New York City is located at the mouth of the Hudson River, which feeds into a naturally sheltered harbor and then into the Atlantic Ocean. It has helped the city grow in significance as a trading city. Much of New York is built on the three islands of Manhattan, Staten Island, and Long Island, making land scarce and encouraging a high population density. The Hudson River flows through the Hudson Valley into New York Bay. Between New York City and Troy, New York, the river is an estuary. The Hudson separates the city from New Jersey. The East River, actually a tidal strait, flows from Long Island Sound and separates the Bronx and Manhattan from Long Island. The Harlem River, another tidal strait between the East and Hudson Rivers, separates Manhattan from the Bronx. The city's land has been altered considerably by human intervention, with substantial land reclamation along the waterfronts since Dutch colonial times. Reclamation is most notable in Lower Manhattan, with developments such as Battery Park City in the 1970s and 1980s. Some of the natural variations in topography have been evened out, particularly in Manhattan. The highest point in the city is Todt Hill on Staten Island, which at 409.8 ft above sea level is the highest point on the Eastern Seaboard south of Maine.
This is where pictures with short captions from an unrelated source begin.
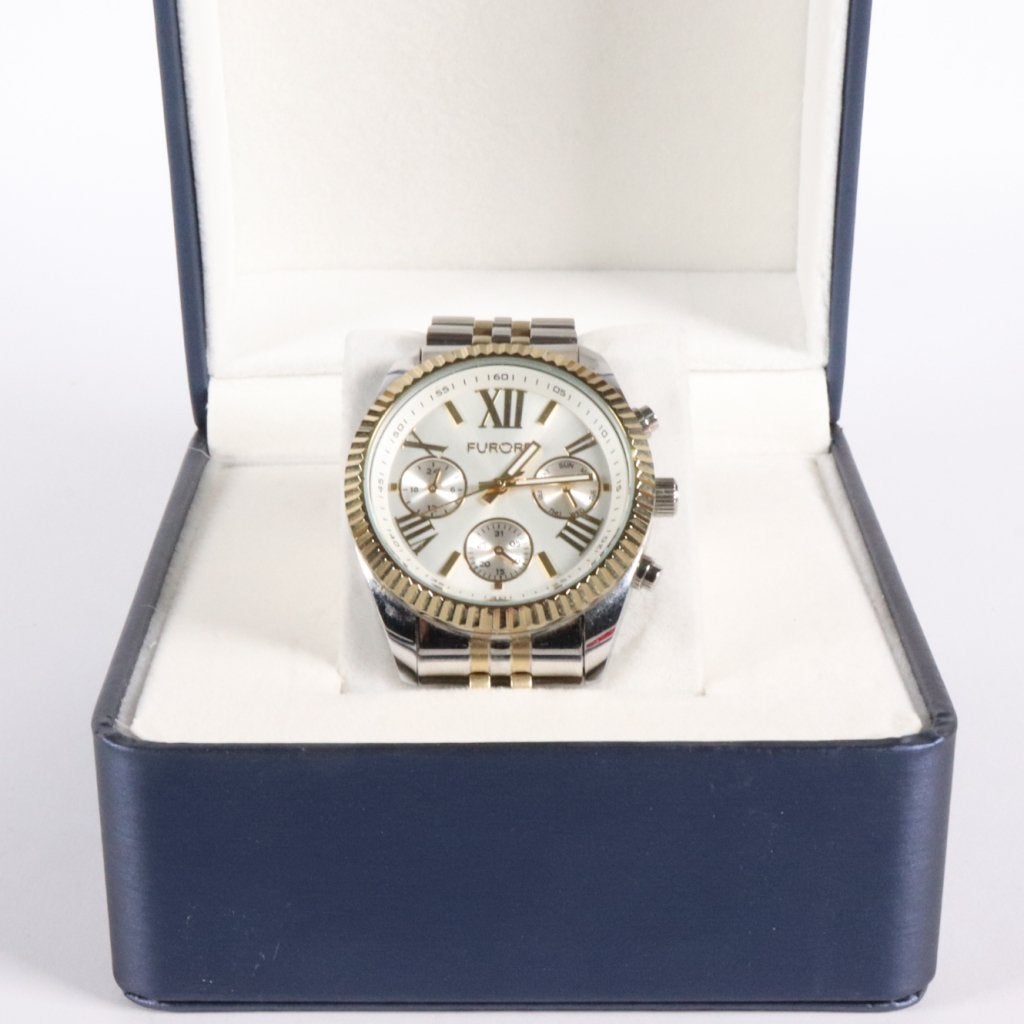 Furore Verona FU2502 Horloge - Nette Staat, Flex Ltd., Gebruikt, https://flex.com/contact-us, Nobelstraat 10, 5807 GA Oostrum LB, Limburg, Nederland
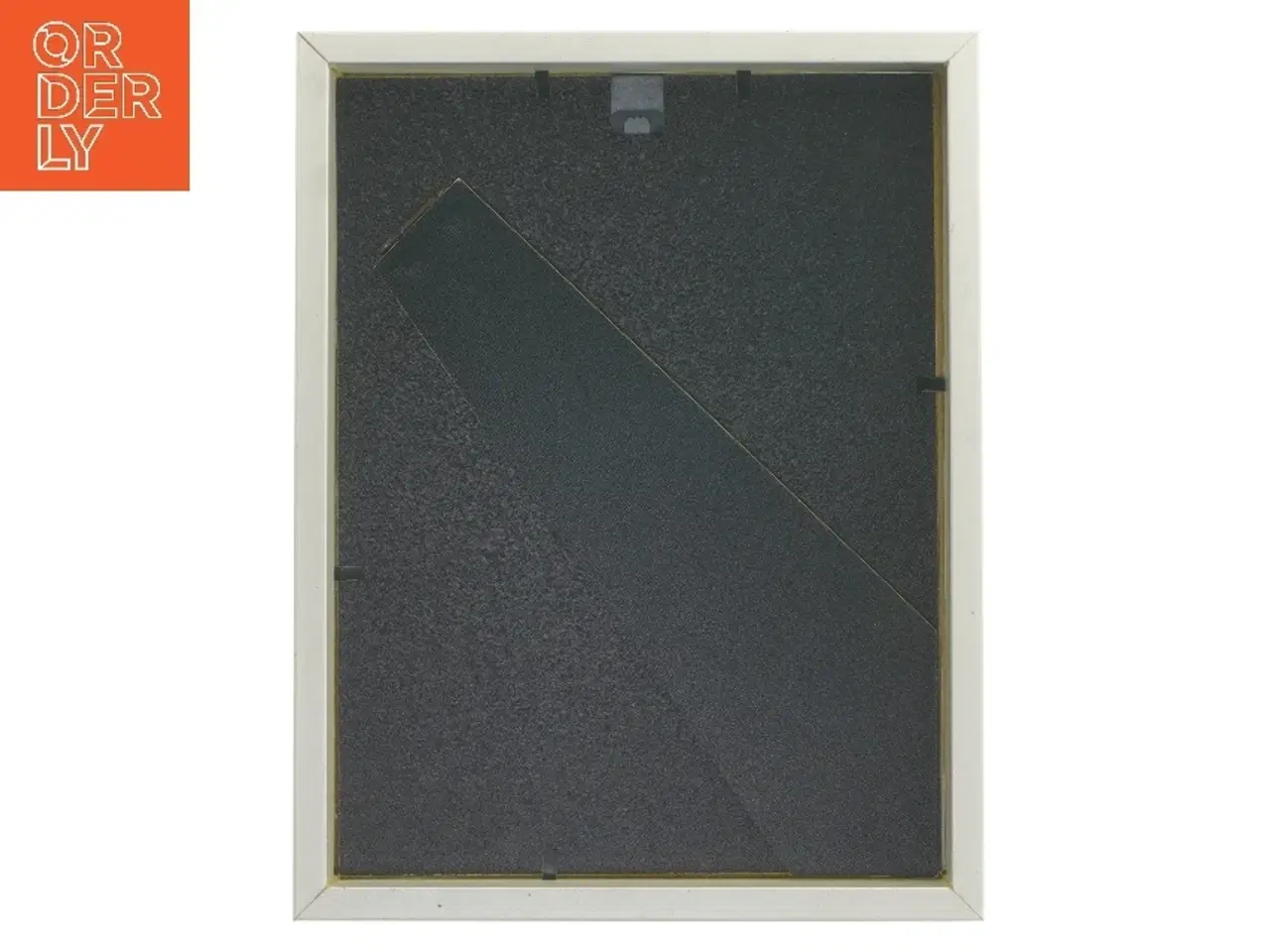 Billede 2 - Hvid billedramme (str. 26,5x20,5 cm)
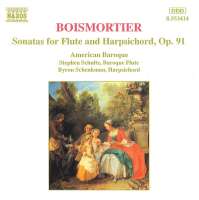 BOISMORTIER: Sonatas for Flute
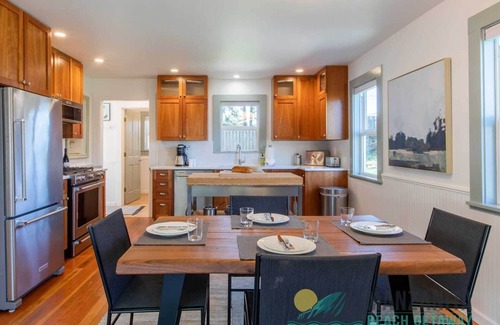 Manzanita House | Charming, ocean view cottage near the beach, dog friendly, and situated on a double lot.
Although located at about the same latitude as the much warmer European cities of Naples and Madrid, New York has a humid continental climate resulting from prevailing wind patterns that bring cool air from the interior of the North American continent. New York City has cold winters but the city's coastal position keeps temperatures slightly warmer than inland regions, helping to moderate the amount of snow which averages 25 to 35 inches each year. Spring and autumn in New York City are erratic, and can range from cold and snowy to hot and humid, although they can also be cold or cool and rainy. Summer in New York City is hot and humid.
The city is also known as,
The Big Apple,
The City That Never Sleeps,
The Capital of The World - Novum Caput Mundi, The Empire City,
The City So Nice They Named It Twice.